Marvin is a Python library that lets you use Large Language Models by writing code, not prompts. It's open source, free to use, rigorously type-hinted, used by thousands of engineers, and built by the engineering team at Prefect.

Marvin is lightweight and is built for incremental adoption. You can use it purely as a serialization library and bring your own stack, or fully use its engine to work with OpenAI and other providers.

How Marvin feels

Marvin exposes a number of high level components to simplify working with AI.

import marvin
from pydantic import BaseModel

class Location(BaseModel):
    city: str
    state: str
    latitude: float
    longitude: float

marvin.model(Location)("They say they're from the Windy City!")
# Location(city='Chicago', state='Illinois', latitude=41.8781, longitude=-87.6298)
Notice there's no code written, just the expected types. Marvin's components turn your function into a prompt, uses AI to get its most likely output, and parses its response.
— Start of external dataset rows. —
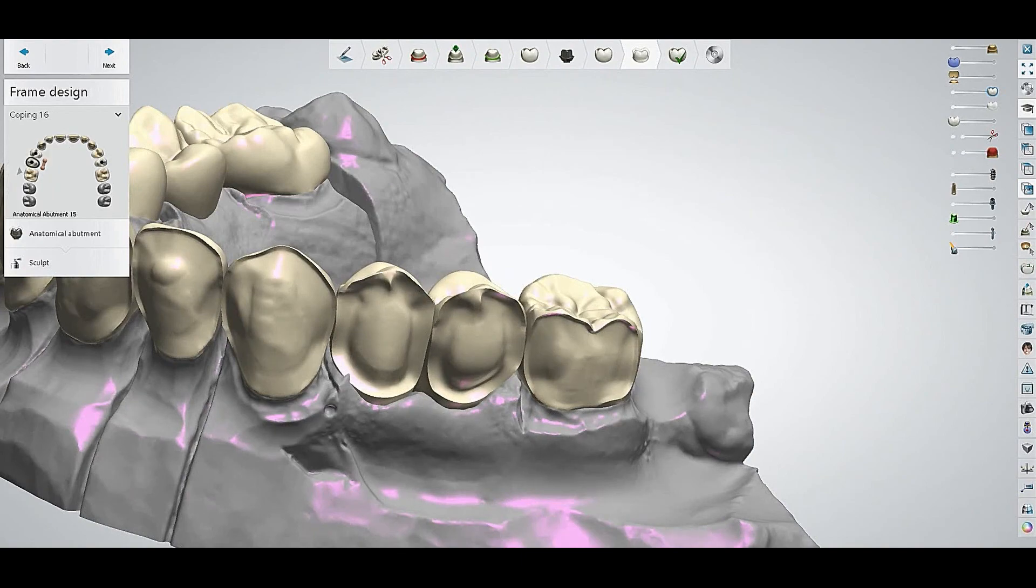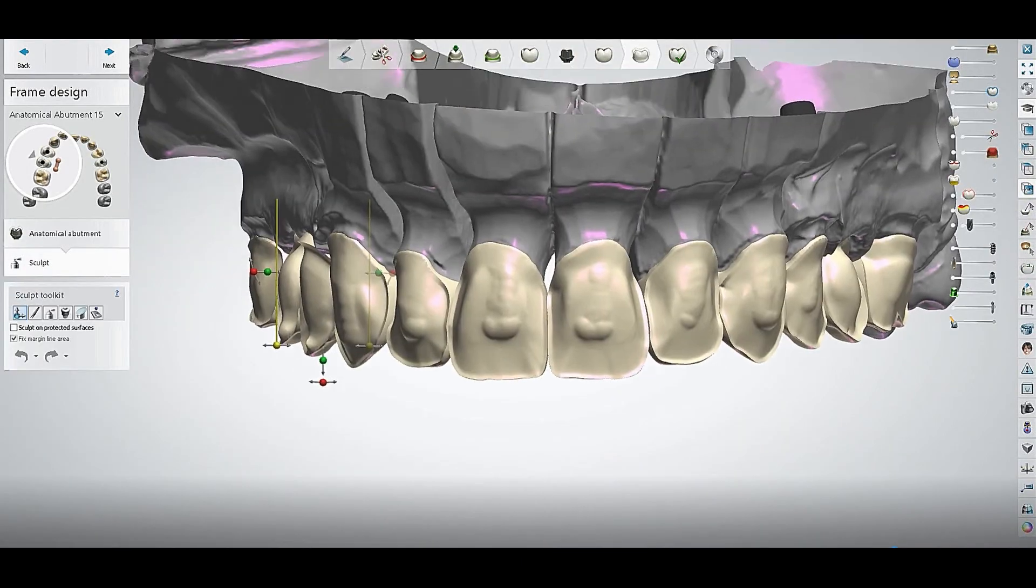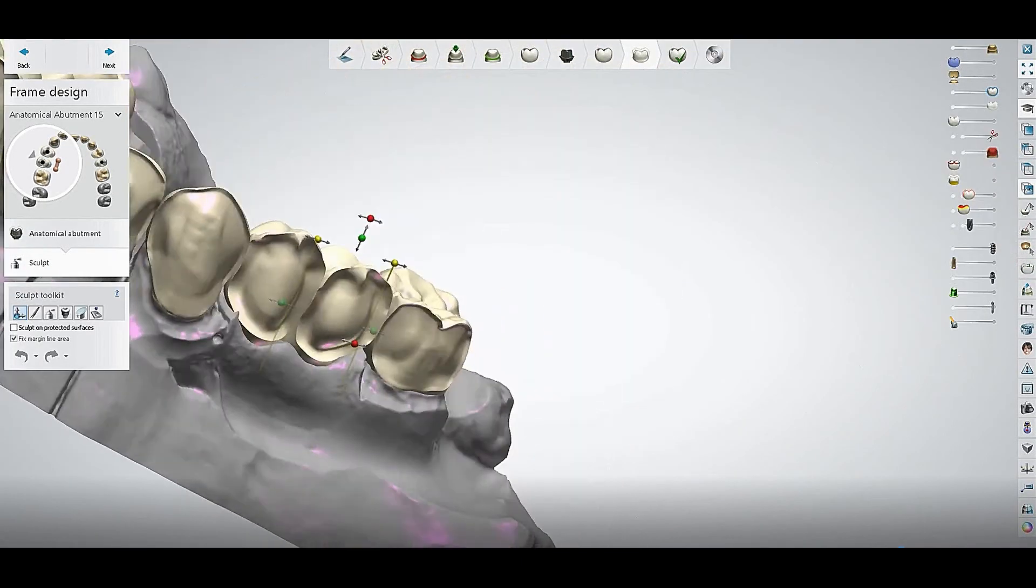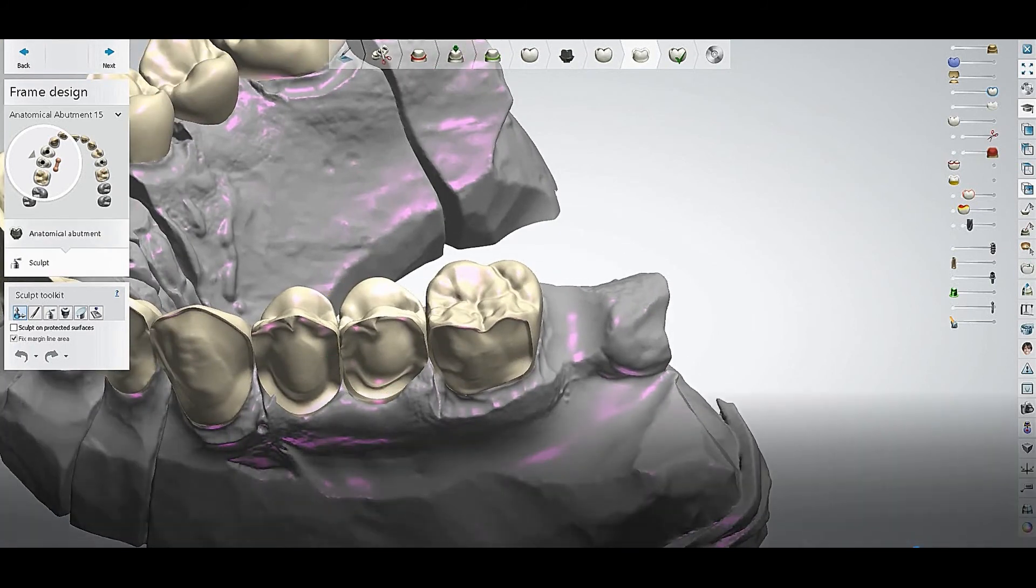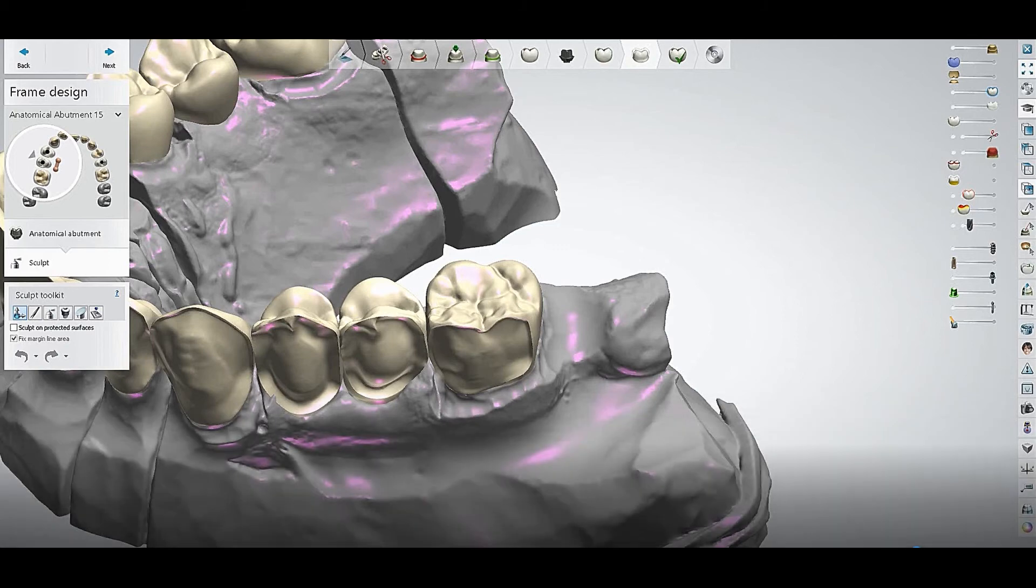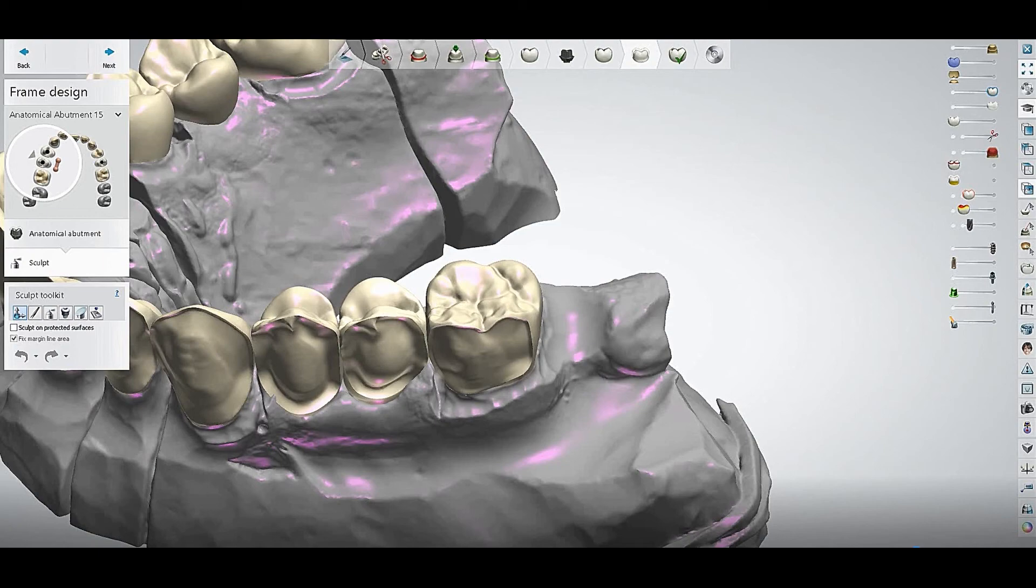So this was the easiest way to solve this problem when you have this error. You have to go back to the implants and just make the emergence profile slightly bigger. That's it.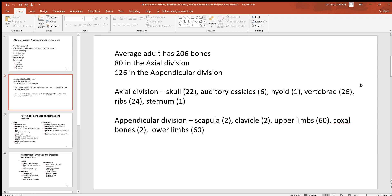In the axial division, most adults' skulls have 22 bones. The auditory ossicles — three inside your right ear and three in your left — are used for sound amplification, which you'll see when you get to the special senses. The hyoid bone is deep behind your mandible, with lots of tongue and throat muscles attached; it's the most freely movable bone in the body. Most adults have 26 vertebrae. There are 24 ribs and one sternum — that's the axial division.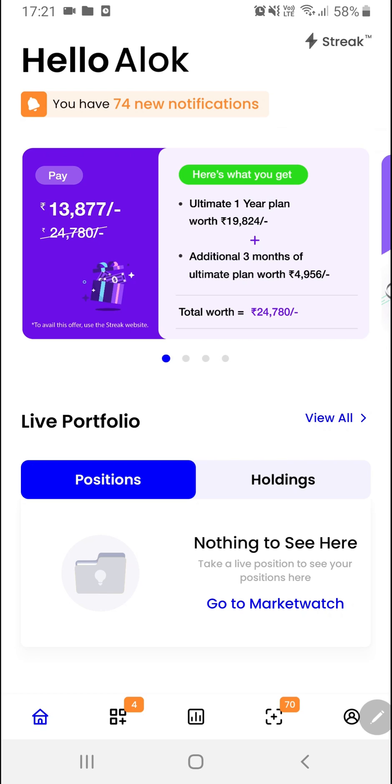Hello everyone, in this video we are going to learn how to create a strategy using the RSI moving average indicator.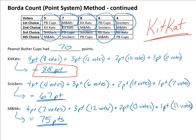One important note about Borda Count: it's intensive because you must account for every vote in every position for every candidate. A good way to check yourself is to count up the total votes for each candidate before calculating — all 30 voters should be accounted for. For Kit Kats: 8 + 12 + 10 + 0 = 30. For Snickers: 4 + 6 + 13 + 7 = 30. For M&Ms: 7 + 12 + 0 + 11 = 30. Then double-check your calculations in the calculator as well.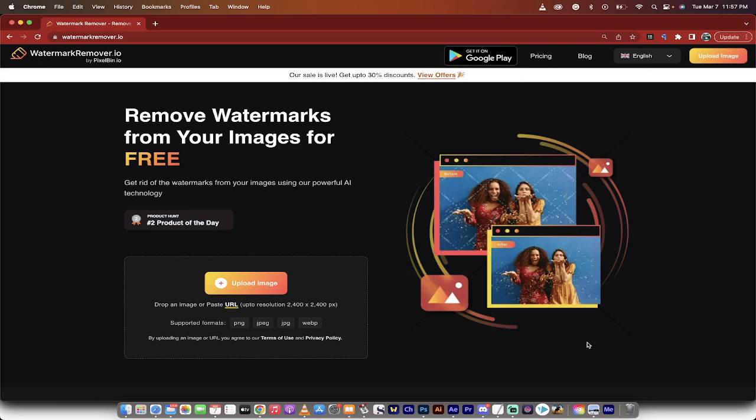Hello everybody, welcome back to another AI video. This one's going to show you how to remove a watermark from any image. It's very easy to do.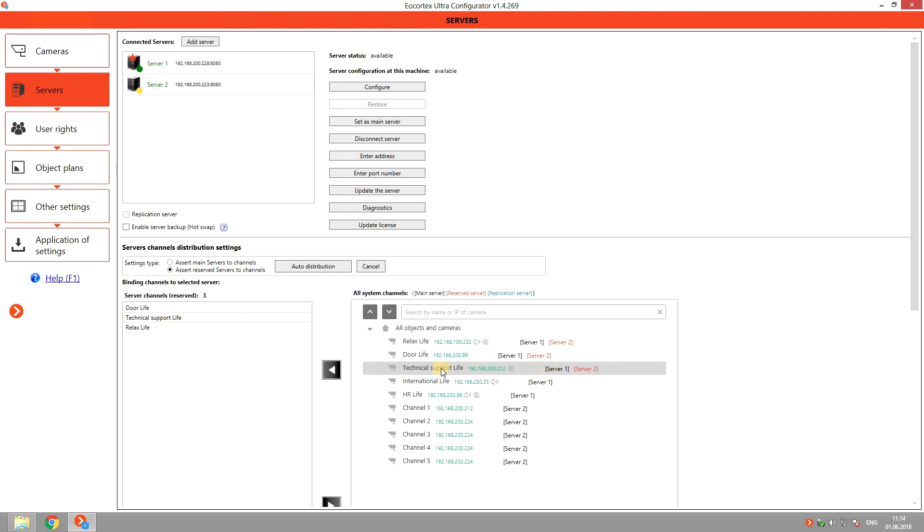Two servers can also be failover to each other. To do that, you should repeat the same action with the server one and secure the cameras from the second server.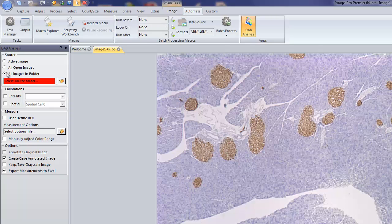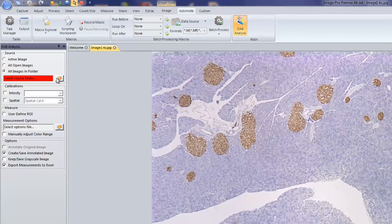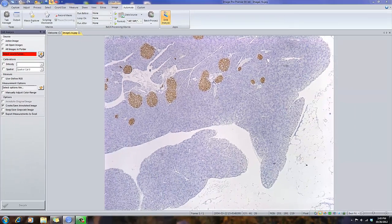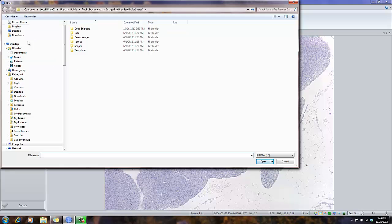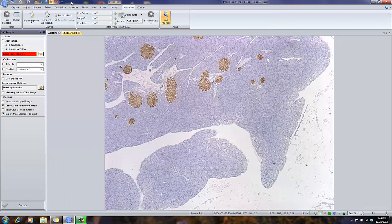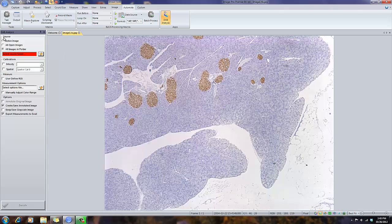And I can also select a directory of images by simply browsing to a specified folder and selecting those images. So in essence, I'll be doing a batch process. For purposes of this movie, I'm going to select the active image.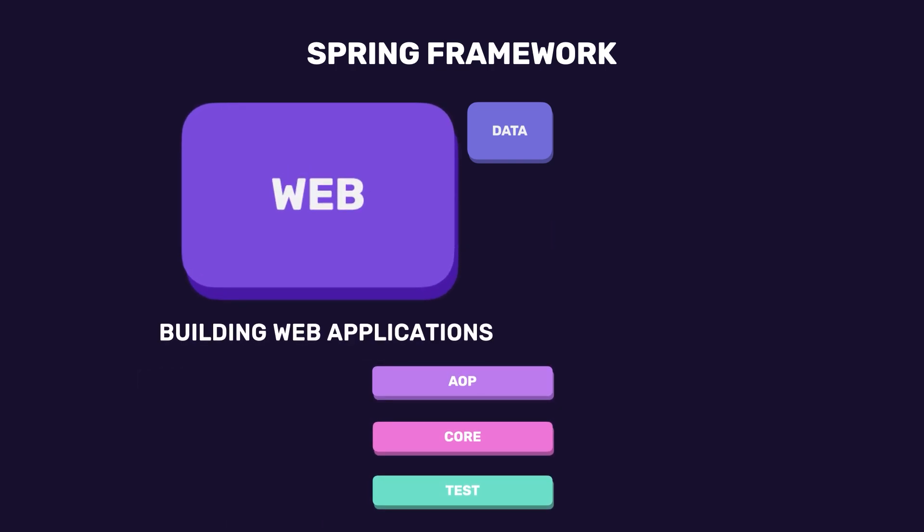In the web layer, we have modules for building web applications. With these modules, we can handle HTTP requests, process data, and return responses. Whether it's HTML for a webpage or JSON for an API.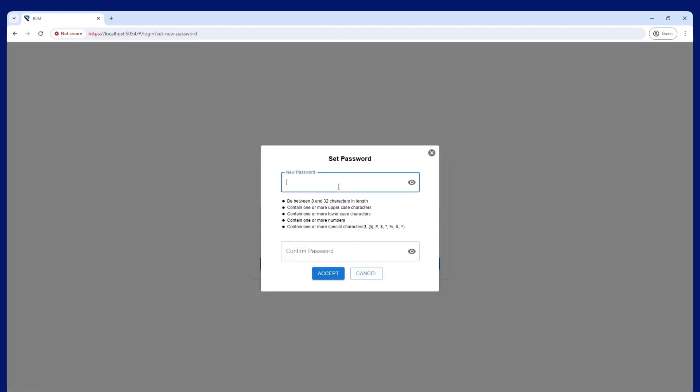You will then be prompted to create a new password for the administrator account. Note that if you are upgrading from an earlier RLM version, you will not be able to reuse your existing credentials and will need to recreate them.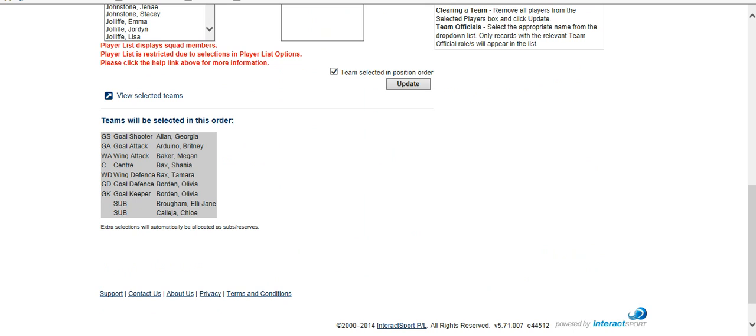Now, if we scroll down here, you'll see down the bottom here, it tells you what order you put the players in. So shooter, attack, wing attack, center, wing defense, goal defense, goalkeeper. And then I added nine players, so we've got two subs there at the bottom.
Marvin exposes a number of high level components to simplify working with AI.

from marvin import classifier
from typing import Literal

@classifier
def customer_intent(text: str) -> Literal['Store Hours', 'Pharmacy', 'Returns']:
    """Classifies incoming customer intent"""

customer_intent("I need to pick up my prescription") # "Pharmacy"
Notice customer_intent has no code. Marvin's components turn your function into a prompt, ask AI for its most likely output, and parses its response.

Marvin exposes a number of high level components to simplify working with AI.

import marvin

@marvin.fn
def list_fruits(n: int, color: str = 'red') -> list[str]:
    """Generates a list of {{ n }} {{ color }} fruits"""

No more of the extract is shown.